²Universitas Nahdlatul Wathan Mataram, Mataram, Indonesia

³University of Jeddah, Jeddah, Saudi Arabia

ABSTRACT: The multiplication of fractions was considered an easy operation, but it posed a challenge for students. The lack of previous research on this topic, especially at the tertiary level, made it an intriguing subject for investigation. This study aimed to explore the factors contributing to these difficulties and the types of learning barriers students faced. Hermeneutics phenomenology was used as the research design. Fifteen participants, aged between 18 and 25, consisting of 7 boys and 8 girls, were selected for this study. Nine students had a background in natural sciences during high school, while six were from social studies majors. The researcher served as the main instrument, employing a fraction multiplication test with two questions developed by NCTM. Additionally, a semi-structured interview guide was used as an additional instrument. The data obtained were analyzed using NVivo-12-assisted thematic analysis for a simplified coding process. The study findings indicated that students encountered more learning difficulties when dealing with non-routine fraction multiplication problems. For routine problems, the learning obstacles were primarily ontogenic and psychological in nature (carelessness). However, when dealing with non-routine problems, students faced epistemological barriers due to their limited experience with word problems. Moreover, they encountered conceptual obstacles (inability to equivalence and convert fractions to decimal form) and psychological hurdles (doubt) during the learning process.

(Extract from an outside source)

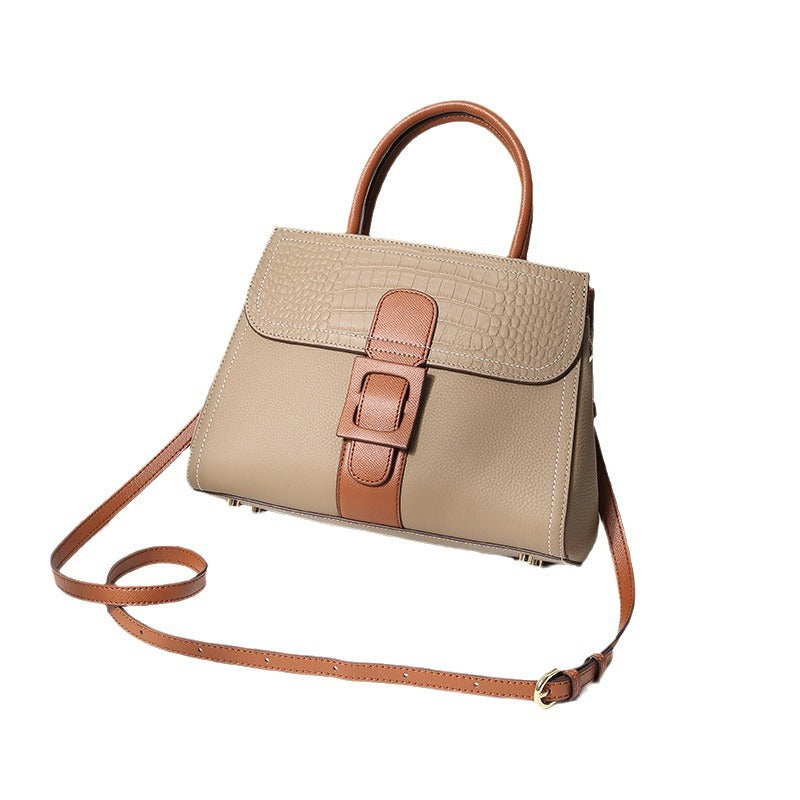 Women's Fashion Crossbody Handbag Contrast Color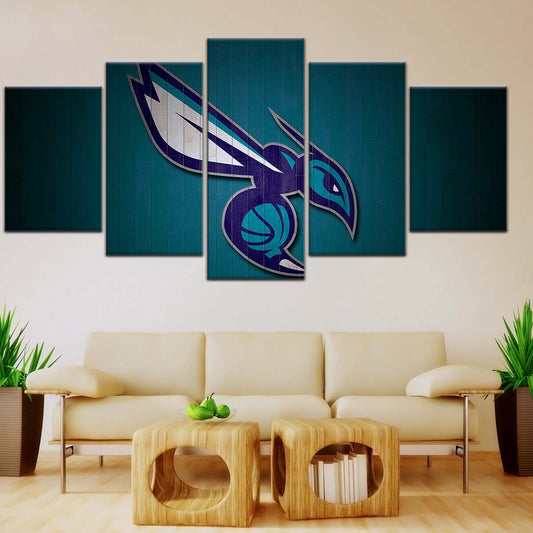 Basketball Wall Art - BK5067 - Charlotte Hornets Sports - Basketball Poster - Basketball Canvas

KEYWORDS: multiplication of fractions, hermeneutics phenomenology, ontogenic and epistemological obstacle.

INTRODUCTION

Fraction multiplication is considered a relatively straightforward procedure in learning fractions (Purwanti, 2015; Shanty et al., 2011). However, previous studies have highlighted that non-routine problems involving fraction multiplication pose challenges for students in various educational settings, including lectures (Chen et al., 2013; Julie, 2017; Rifandi, 2017). Fraction multiplication is frequently utilized in educational lessons, both in advanced mathematics and agricultural-related subjects (Isnawan et al., 2022; Zhang et al., 2014; Fehr, 1968; Iulia & Gugoiu, 2006; Singh et al., 2021). Given the significance of fraction expansion for students and the presence of existing problems, research on fraction multiplication studies is crucial, and immediate attention is necessary when problems arise during fraction multiplication. While some previous studies have examined fraction multiplication, only a limited number have focused on universities as research subjects, with only a few researchers employing the hermeneutics phenomenology design (Chen et al., 2013; Rifandi, 2017; Shanty et al., 2011).

In the study conducted by Son and Lee (2016), although students were involved as participants, the research design could have been more precise. The study findings revealed that some participants encountered difficulties in converting real-life problems involving fractions into appropriate mathematical statements and suitable visual representations. In the research conducted by Ekawati et al. (2022), which involved students from schools as participants and employed a case study design, the findings indicated that some participants needed to transform non-routine problems involving fraction multiplication into suitable mathematical models. Similarly, the study by Bharaj et al. (2021), which utilized grade 5 elementary school students as participants and employed research designs requiring further clarification, concluded that some participants used strategies or concepts related to integers when multiplying fractions and resorted to addition and subtraction operations when solving non-routine problems that should involve fraction multiplication.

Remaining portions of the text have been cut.